◆ TASK GOAL: Each line, starting at the one with "Les critères de" and running to the end of the data below, is to be set down again exactly, both ends included; leave pictures out.

◆ PROVIDED DATA:
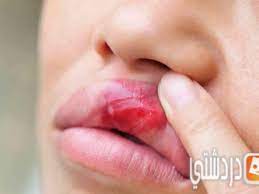 أعراض سرطان الفم وعلاجه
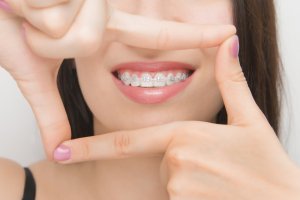 Les critères de choix d'une mutuelle pour orthodontie !
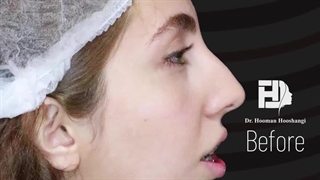 جراحی همزمان فک و چانه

◆ ANSWER BELOW:
 Les critères de choix d'une mutuelle pour orthodontie !
 جراحی همزمان فک و چانه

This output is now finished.